Washington Flagg was gone, but his shadow was to linger for a while longer on our household. It was difficult to realize that the weight which had oppressed us had been removed. We were scarcely conscious of how heavy it had been until it was lifted. I was now and then forced to make an effort not to expect the colonel to dinner.

A month or two after his disappearance an incident occurred which brought him back very vividly and in a somewhat sinister shape to our imaginations. Quite late one night there was a sharp ring at the door.

Mary having gone to bed, I answered the bell. On the doorstep stood a tall, pale girl, rather shabbily dressed, but with a kind of beauty about her; it seemed to flash from her eyelashes, which I noticed were very heavy. The hall light fell full upon this slight figure, standing there wrapped in an insufficient shawl, against a dense background of whirling snowflakes. She asked if I could give her Colonel Flagg's address. On receiving my reply, the girl swiftly descended the steps, and vanished into the darkness. There was a tantalizing point of romance and mystery to all this. As I slowly closed the front door I felt that perhaps I was closing it on a tragedy--one of those piteous, unwritten tragedies of the great city. I have wondered a thousand times who that girl was and what became of her.

Before the end of the year another incident--this time with a touch of comedy--lighted up the past of my kinsman. Among the travelling agents for the Savonarola Fire Insurance Company was a young man by the name of Brett, Charles Brett, a new employee. His family had been ruined by the war, and he had wandered North, as the son of many a Southern gentleman had been obliged to do, to earn his living. We became friends, and frequently lunched together when his business brought him to the city.
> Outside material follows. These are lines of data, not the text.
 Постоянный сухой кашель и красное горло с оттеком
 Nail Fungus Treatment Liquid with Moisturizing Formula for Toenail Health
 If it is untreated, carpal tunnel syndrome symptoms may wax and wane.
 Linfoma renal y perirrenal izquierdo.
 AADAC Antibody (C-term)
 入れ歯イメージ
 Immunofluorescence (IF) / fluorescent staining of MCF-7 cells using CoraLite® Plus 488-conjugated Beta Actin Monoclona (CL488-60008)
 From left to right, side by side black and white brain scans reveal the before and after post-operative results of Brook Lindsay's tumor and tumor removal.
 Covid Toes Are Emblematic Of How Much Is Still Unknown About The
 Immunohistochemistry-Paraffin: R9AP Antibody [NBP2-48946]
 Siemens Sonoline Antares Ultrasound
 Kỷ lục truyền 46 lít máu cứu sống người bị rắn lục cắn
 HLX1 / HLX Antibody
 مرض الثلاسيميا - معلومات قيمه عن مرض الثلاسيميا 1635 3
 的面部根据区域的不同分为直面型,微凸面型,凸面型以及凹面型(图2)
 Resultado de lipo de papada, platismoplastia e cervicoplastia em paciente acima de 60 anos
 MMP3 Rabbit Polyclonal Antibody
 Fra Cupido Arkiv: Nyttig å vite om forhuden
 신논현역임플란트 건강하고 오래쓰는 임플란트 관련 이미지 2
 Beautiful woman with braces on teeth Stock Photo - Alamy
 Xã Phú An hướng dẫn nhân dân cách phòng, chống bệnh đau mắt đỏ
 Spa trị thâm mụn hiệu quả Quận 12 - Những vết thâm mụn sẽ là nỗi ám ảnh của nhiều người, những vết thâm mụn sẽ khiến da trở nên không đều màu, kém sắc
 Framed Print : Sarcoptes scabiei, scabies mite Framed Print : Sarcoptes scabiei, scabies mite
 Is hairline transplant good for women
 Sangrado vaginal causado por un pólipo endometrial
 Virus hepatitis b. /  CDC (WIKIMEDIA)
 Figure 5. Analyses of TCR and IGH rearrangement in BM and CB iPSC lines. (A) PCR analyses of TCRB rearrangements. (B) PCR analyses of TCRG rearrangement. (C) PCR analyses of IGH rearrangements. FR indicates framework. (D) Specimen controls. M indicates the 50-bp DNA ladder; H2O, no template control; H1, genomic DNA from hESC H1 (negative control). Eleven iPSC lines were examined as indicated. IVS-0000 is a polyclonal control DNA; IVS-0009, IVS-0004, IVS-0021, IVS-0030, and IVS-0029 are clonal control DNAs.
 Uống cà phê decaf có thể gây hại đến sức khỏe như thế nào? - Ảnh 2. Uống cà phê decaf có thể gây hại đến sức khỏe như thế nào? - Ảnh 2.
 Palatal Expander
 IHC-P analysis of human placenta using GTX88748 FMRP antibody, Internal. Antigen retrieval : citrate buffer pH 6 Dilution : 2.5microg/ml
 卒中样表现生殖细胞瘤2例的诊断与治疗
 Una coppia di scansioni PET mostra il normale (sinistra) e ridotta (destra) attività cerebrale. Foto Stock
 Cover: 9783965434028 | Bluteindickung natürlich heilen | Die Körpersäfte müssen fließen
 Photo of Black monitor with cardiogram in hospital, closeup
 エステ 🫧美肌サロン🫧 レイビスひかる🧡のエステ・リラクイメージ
Brett had been in the Confederate army, and it occurred to me one day to ask him if he had ever known my cousin the colonel. Brett was acquainted with a George W. Flagg; had known him somewhat intimately, in fact; but it was probably not the same man. We compared notes, and my Flagg was his Flagg.

"But he wasn't a colonel," said Brett. "Why, Flagg wasn't in the war at all. I don't fancy he heard a gun fired, unless it went off by accident in some training-camp for recruits. He got himself exempt from service in the field by working in the government saltworks. A heap of the boys escaped conscription that way."

In the saltworks! That connected my cousin with the navy rather than with the army!

I would have liked not to believe Brett's statement, but it was so circ.u.mstantial and precise as not to be doubted. Brett was far from suspecting how deeply his information had cut me. In spite of my loyalty, the discovery that my kinsman had not been a full-blown rebel was vastly humiliating. How that once curiously regarded flower of chivalry had withered! What about those reckless moonlight raids? What had become of Prince Rupert, at the head of his plumed cavaliers, sweeping through the valley of the Shenandoah, and dealing merited destruction to the boys in blue? In view of Brett's startling revelation, my kinsman's personal anecdotes of Stonewall Jackson took on an amusing quality which they had not possessed for us in the original telling.

I was disappointed that Clara's astonishment was much more moderate than mine.

"He was TOO brave, Tom, dear. He always seemed to be overdoing it just a grain, don't you think?"

I didn't think so at the time; I was afraid he was telling the truth.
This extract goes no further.